» **Description of the task**: Write out, without any change, the lines in the material below that run from the line with "Where you're tracking" through the line with "Hello guys, in", both included.

Material for the task START

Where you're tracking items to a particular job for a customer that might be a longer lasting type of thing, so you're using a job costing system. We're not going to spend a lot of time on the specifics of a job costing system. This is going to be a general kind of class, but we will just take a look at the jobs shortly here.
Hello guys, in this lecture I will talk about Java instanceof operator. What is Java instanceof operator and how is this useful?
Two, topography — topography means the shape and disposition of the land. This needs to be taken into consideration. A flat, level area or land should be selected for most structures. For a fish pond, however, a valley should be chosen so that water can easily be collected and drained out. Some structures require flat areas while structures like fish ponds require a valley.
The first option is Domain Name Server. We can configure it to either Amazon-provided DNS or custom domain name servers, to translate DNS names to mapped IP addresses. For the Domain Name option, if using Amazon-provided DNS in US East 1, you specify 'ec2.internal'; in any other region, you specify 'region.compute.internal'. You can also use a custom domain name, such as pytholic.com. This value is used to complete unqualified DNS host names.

Material for the task END
Material for the task START

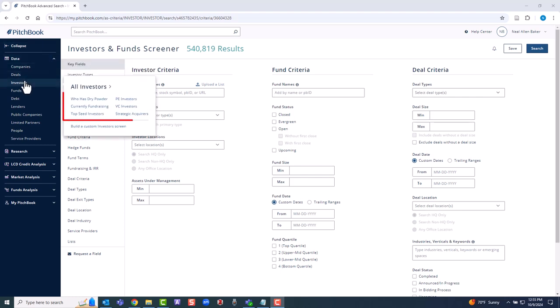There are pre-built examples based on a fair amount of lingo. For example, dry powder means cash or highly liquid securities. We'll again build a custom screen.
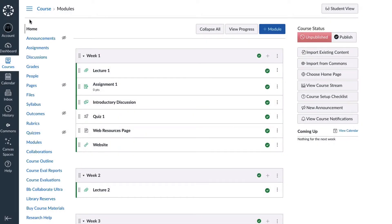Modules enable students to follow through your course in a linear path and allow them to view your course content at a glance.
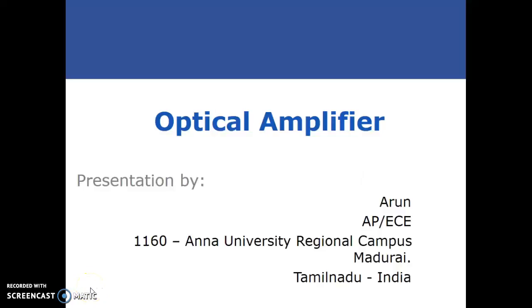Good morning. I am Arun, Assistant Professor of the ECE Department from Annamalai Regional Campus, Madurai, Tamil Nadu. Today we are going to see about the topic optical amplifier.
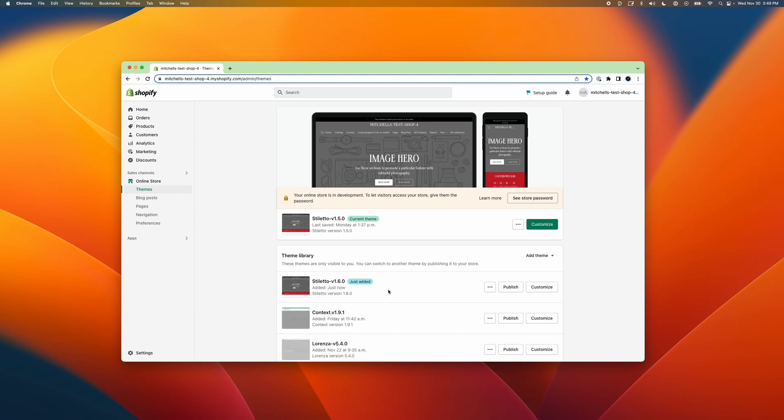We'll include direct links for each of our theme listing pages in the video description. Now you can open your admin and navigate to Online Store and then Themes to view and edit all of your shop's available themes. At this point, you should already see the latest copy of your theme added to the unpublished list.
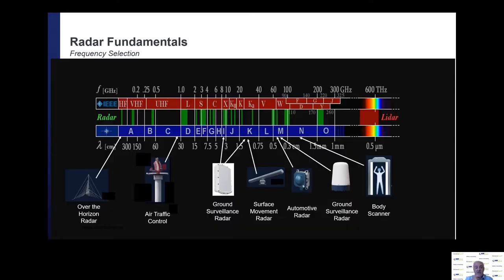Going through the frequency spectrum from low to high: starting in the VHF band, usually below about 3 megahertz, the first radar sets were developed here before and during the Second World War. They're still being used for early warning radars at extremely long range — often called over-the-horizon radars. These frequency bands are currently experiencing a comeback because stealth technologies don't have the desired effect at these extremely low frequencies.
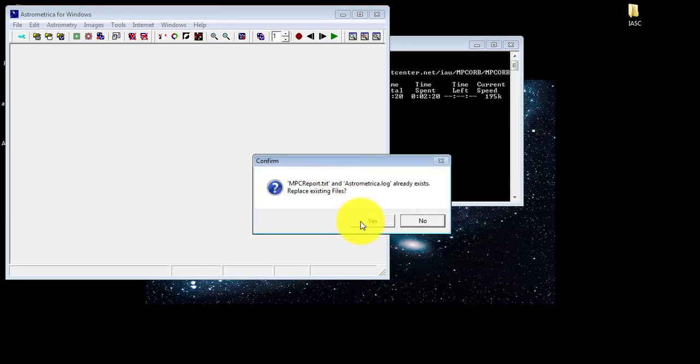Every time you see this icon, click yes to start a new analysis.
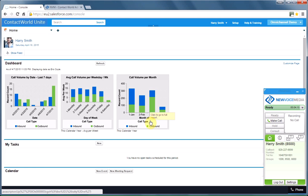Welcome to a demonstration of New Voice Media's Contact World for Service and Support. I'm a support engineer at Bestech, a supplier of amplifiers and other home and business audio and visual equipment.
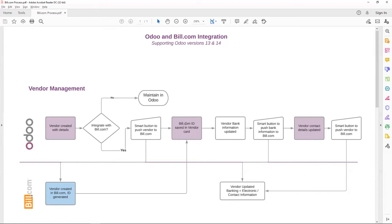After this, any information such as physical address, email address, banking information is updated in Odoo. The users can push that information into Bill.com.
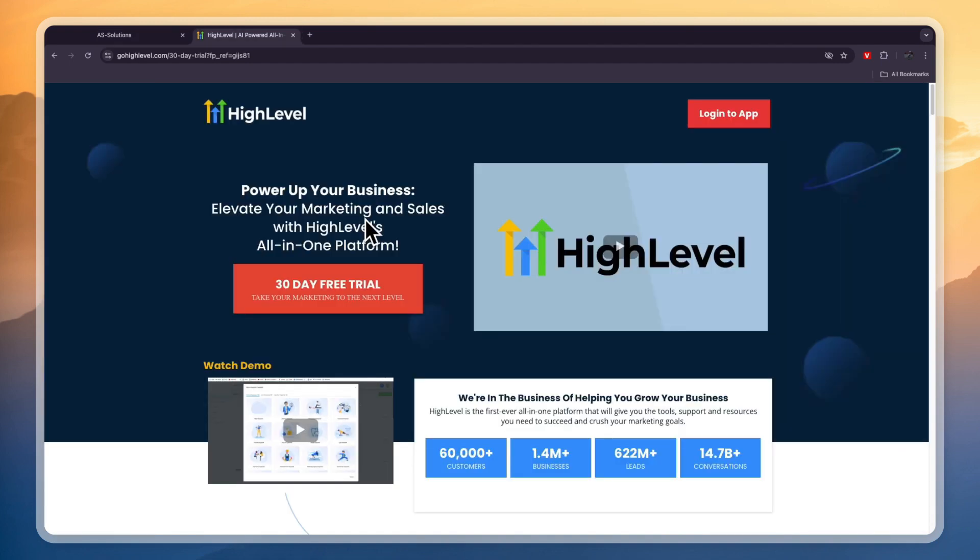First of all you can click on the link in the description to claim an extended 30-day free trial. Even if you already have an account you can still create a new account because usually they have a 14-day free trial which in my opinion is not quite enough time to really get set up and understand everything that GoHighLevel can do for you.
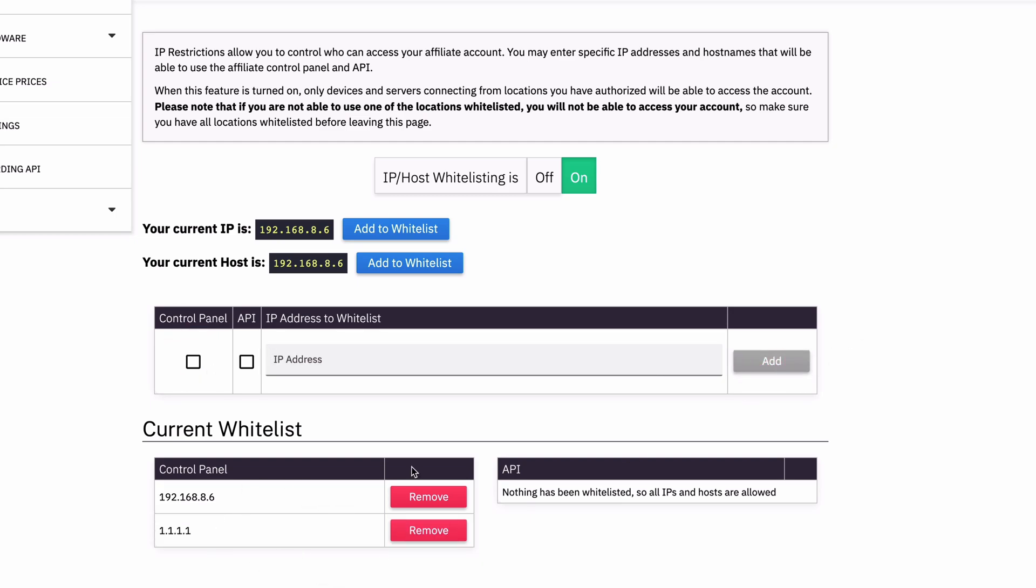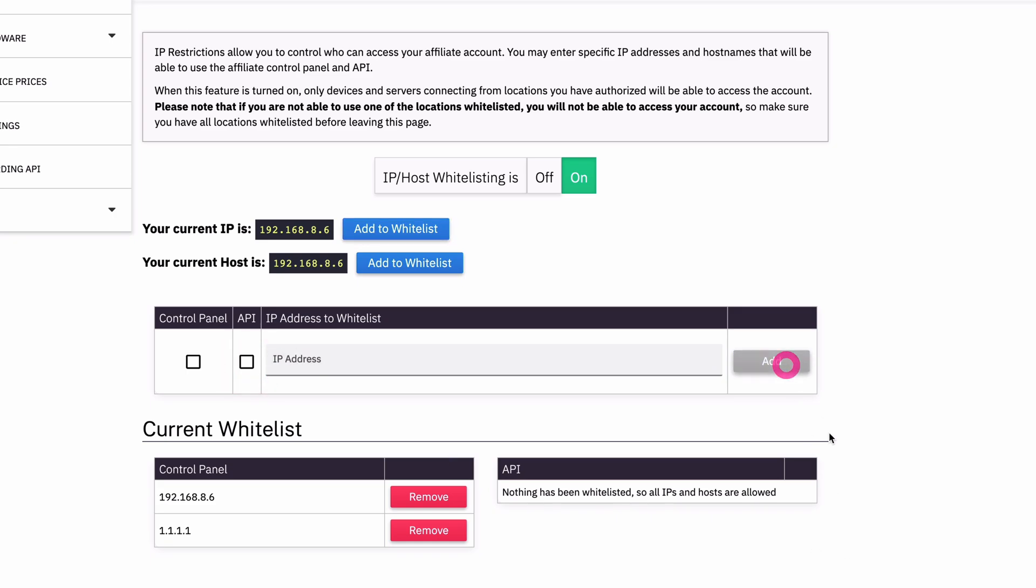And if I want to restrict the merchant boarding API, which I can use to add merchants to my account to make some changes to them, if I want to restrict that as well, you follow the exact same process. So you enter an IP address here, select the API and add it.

Material for the task END

» **Answer area**:
Where you're tracking items to a particular job for a customer that might be a longer lasting type of thing, so you're using a job costing system. We're not going to spend a lot of time on the specifics of a job costing system. This is going to be a general kind of class, but we will just take a look at the jobs shortly here.
Hello guys, in this lecture I will talk about Java instanceof operator. What is Java instanceof operator and how is this useful?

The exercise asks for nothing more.